Dataset excerpts:
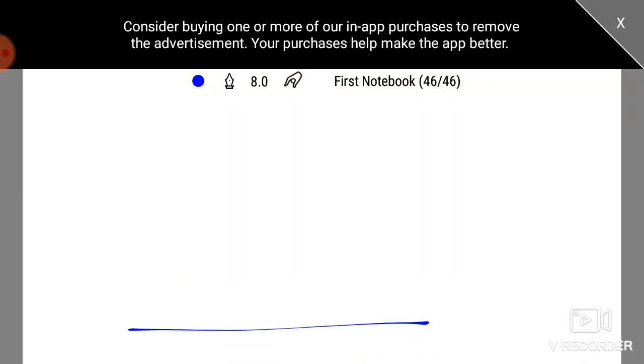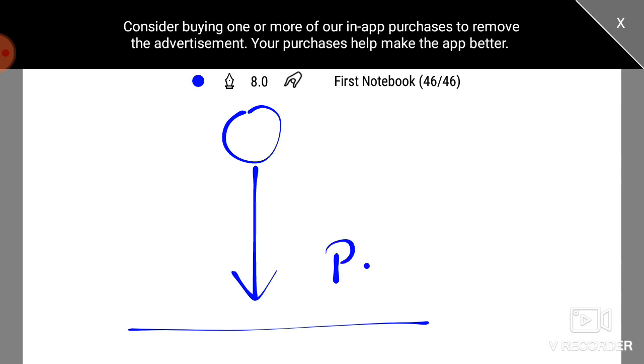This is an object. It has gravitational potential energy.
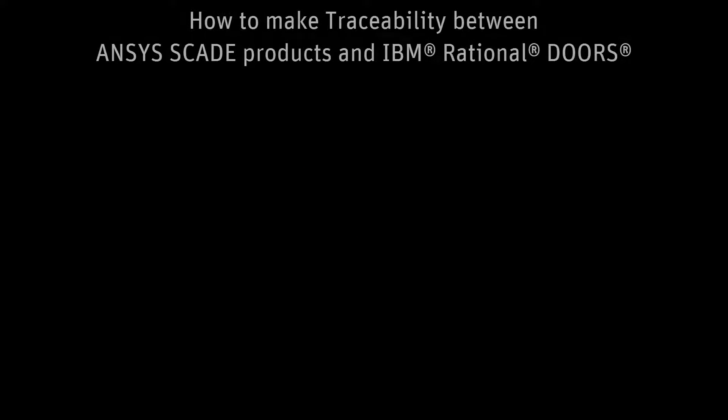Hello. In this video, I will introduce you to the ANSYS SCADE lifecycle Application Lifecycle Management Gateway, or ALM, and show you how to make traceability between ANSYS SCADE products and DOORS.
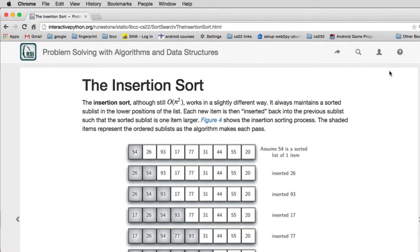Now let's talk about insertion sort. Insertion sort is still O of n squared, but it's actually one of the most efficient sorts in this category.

==

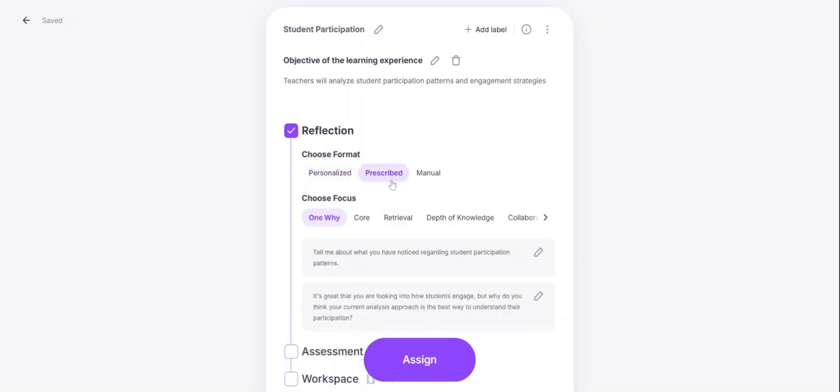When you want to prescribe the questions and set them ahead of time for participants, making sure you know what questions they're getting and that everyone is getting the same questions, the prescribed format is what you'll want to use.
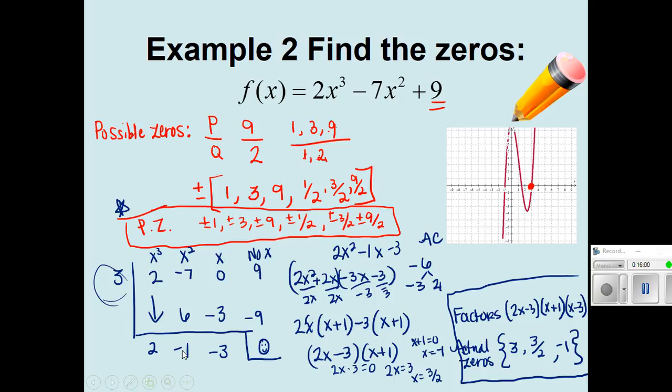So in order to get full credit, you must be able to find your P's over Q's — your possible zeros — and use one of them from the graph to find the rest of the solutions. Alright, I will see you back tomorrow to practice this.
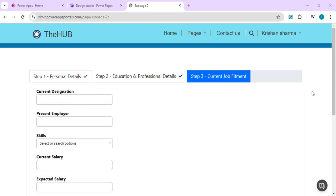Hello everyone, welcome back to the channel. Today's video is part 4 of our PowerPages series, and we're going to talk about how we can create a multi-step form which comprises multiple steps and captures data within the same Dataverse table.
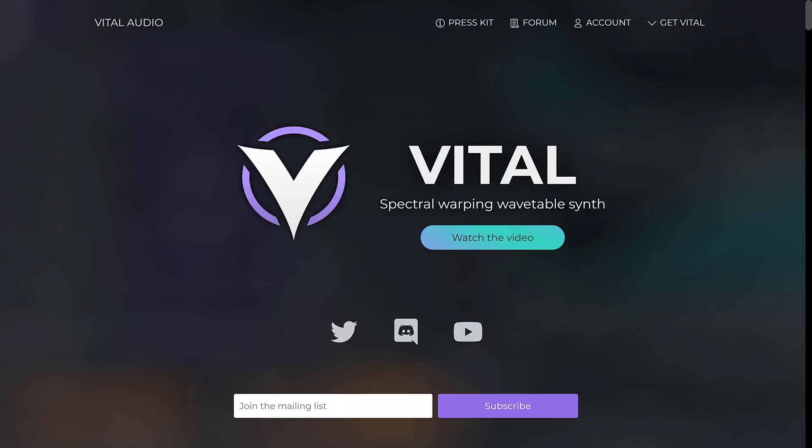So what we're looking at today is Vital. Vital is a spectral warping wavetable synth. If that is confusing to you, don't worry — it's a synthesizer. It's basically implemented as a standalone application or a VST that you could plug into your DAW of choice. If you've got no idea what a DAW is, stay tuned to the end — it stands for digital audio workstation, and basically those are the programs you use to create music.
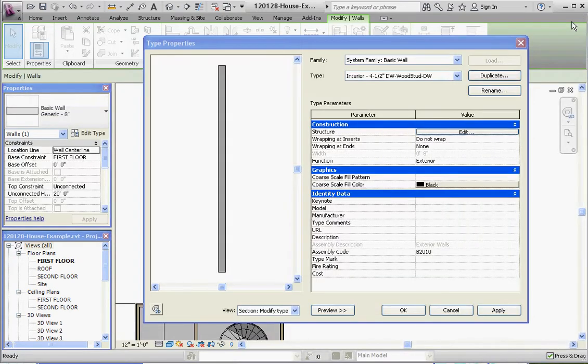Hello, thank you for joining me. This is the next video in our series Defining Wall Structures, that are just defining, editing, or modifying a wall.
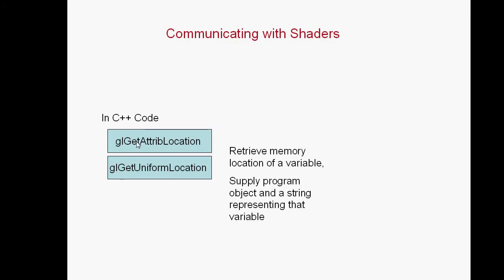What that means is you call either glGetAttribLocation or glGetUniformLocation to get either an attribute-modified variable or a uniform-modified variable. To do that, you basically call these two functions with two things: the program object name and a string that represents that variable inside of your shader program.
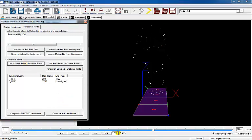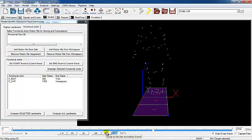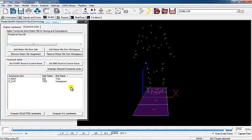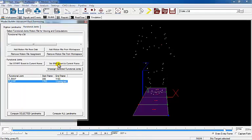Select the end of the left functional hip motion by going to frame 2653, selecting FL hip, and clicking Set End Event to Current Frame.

--

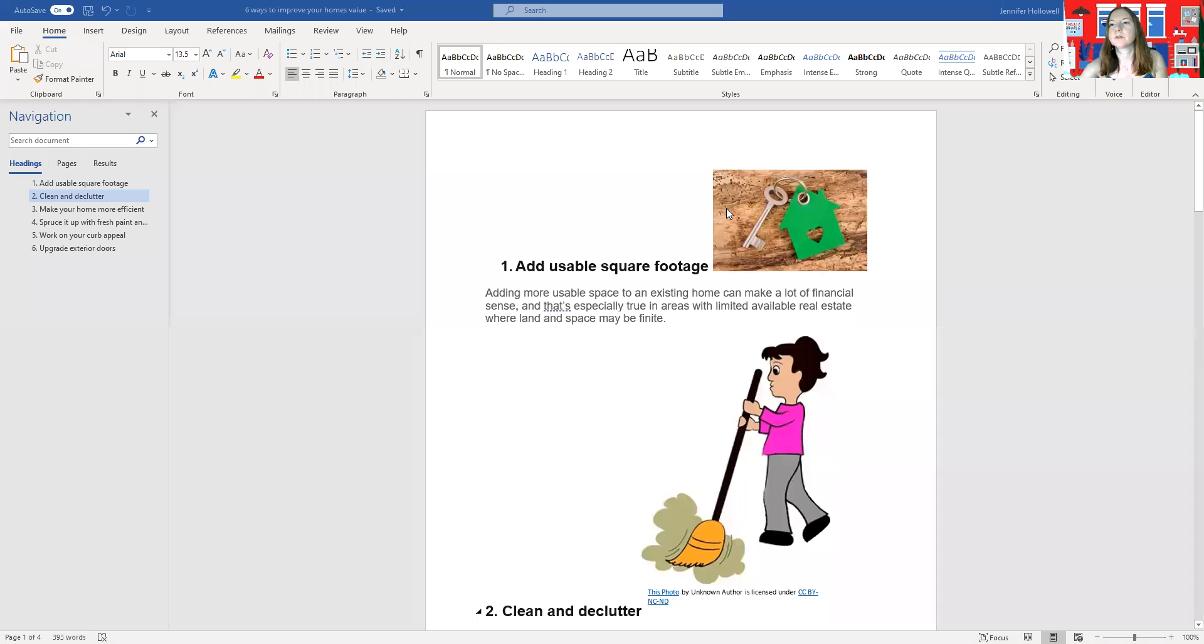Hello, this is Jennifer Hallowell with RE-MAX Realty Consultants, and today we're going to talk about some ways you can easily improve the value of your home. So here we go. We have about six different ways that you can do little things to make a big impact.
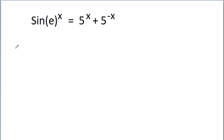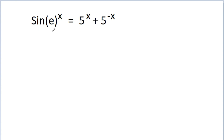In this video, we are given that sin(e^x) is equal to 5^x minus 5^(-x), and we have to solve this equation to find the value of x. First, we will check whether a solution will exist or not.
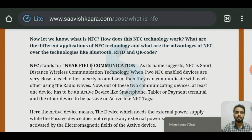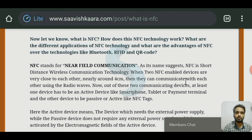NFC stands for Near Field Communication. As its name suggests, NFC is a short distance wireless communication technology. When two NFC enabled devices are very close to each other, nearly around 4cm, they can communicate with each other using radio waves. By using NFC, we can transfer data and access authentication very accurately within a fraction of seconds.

Instructions for the task: Nothing but the lines from the one with "This is an object." to the one with "Now let's talk" above, both included, should be transcribed, exactly and without pictures.

Answer section:
This is an object. It has gravitational potential energy.
Hello. In this video, I will introduce you to the ANSYS SCADE lifecycle Application Lifecycle Management Gateway, or ALM, and show you how to make traceability between ANSYS SCADE products and DOORS.
Now let's talk about insertion sort. Insertion sort is still O of n squared, but it's actually one of the most efficient sorts in this category.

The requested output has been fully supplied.